Esa cuenta es la que lleva al amor hasta el fondo del rincón para llenarlo de trompadas. Por no animarse a decir “adiós” mirando a la cara. Ratas cambiando de piel como si nada fuera a suceder. Serpiente dejando su vestido de largo porque se termina el verano y ya se cansó de esa relación. Un reloj que amenaza y un hombre que da lucha en esa batalla, sabiendo que ya estaba perdida. Pero la intolerancia juega con las cartas marcadas y sabe mentir muy bien. Sabe encubrir su cuatro de espadas frente a un rey de oro. Una sota que se hace la sonsa provocando una ruptura haciendo estallar la bomba por cualquier motivo.
Nadie es tan vivo como para pensar que el otro no se va a dar cuenta. Esa es la soberbia que esgrime la intolerancia cuando busca pelea. Y saca de la galera cualquier cuestión que no hace a la ocasión, pero sirve de excusa. El intolerante cree que se lleva el mundo por delante y no puede entender que la mentira le haya salido mal. Y que la bomba le acaba de estallar en la cara. Le falló la impunidad de las otras historias y se creyó la mentira que esta vez le tocaba su puerta.
Una bomba siempre tiene esquirlas. Y alguna vez iba a salir herida la que siempre sale intacta. La impunidad los abraza, por intolerantes y por soberbios, pero les roba lo que llevan en sus bolsillos. Lo poco valioso que les quedaba. Una rata sale de su alcantarilla, cuando hay un ave de rapiña que se la puede servir para el almuerzo. Pero igual hace el escándalo. Despliega la escena y se cree la mejor estrella en esta obra poco maestra de la actuación. Es la envidia, por la poca inteligencia, que lleva en sus heridas. Es su torpeza, la que lleva siempre a cuestas por intolerante y desapercibida.

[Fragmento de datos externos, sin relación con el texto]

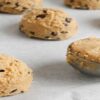 Easy-Homemade-Cookie-Dough-Ice-Cream-Recipe-update-dec24-featured-image-207x620w-cropped-blobs-of-cookie-dough-being-scooped-on-parchmant-paper-for-baking-frosted-fusions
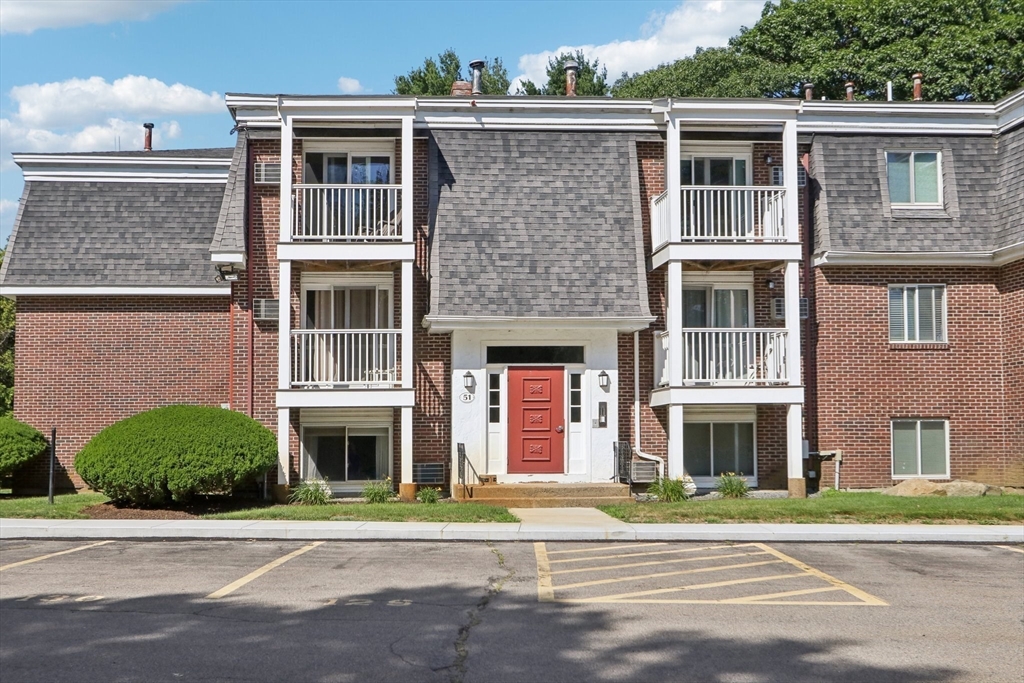 51 Will Drive, Unit 127 Canton, MA 02021 - Photo 2 of 15 a front view of a house with a yard and garage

La bomba siempre llega al fin, en su tiempo. La cuenta regresiva es tiempo de descuento. No había encuentro hacía tanto tiempo que era un experimento seguir intentando. Es elegir echar al que miente o dejar que haga el despliegue de siempre y descalificar con el mismo cuento. Solo un ejemplo más de la intolerancia de su particularidad hacia su mismidad insolente que la encierra, una y otra vez, en Alcatraz.

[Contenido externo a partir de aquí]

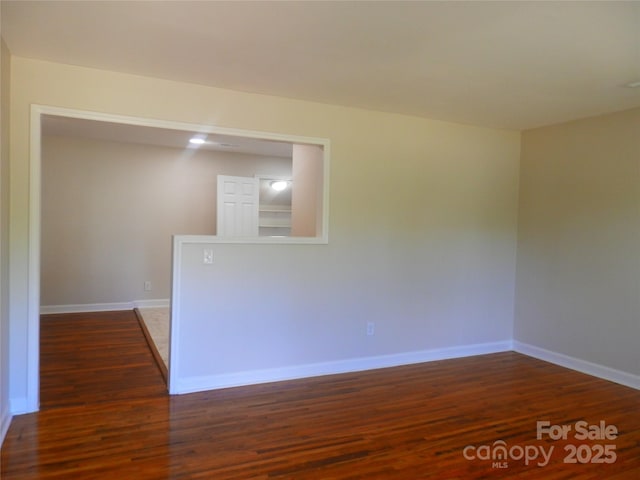 101 Colony Acres Dr, Charlotte, NC 28217 - spare room featuring wood finished floors and baseboards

Estallar a los gritos en el medio de una playa. Almorzar con la peor cara, sin que el silencio dijera alguna palabra. Servirles a los demás, lo que se quiere privar para generar más malestar, como si ya ni fuera suficiente. Dormir en camas separadas y desayunar a espaldas para molestar. Con esa cara que no quiere decir nada, diciendo tantas cosas. Escondida en esa mirada estaba su alma, pidiendo a gritos “perdón” por lo que estaba haciendo. Pero no tenía más remedio, la historia ya tiene sus vías trazadas hasta el último día.
Una voz que ya no acaricia. Un tono que hace sombra. La bomba ya explota, son los últimos segundos. Ya no hay alternativa, sólo esperar que el daño no sea letal. Y que no haya daños colaterales.
Pero la intolerancia siempre engaña con sus bombas de humo y sus mentiras sincronizadas. Ya no queda nada, se escribió el último capítulo en puño y letra de su intolerancia agresiva.
Terminó la cuenta regresiva.
Se terminaron las palabras.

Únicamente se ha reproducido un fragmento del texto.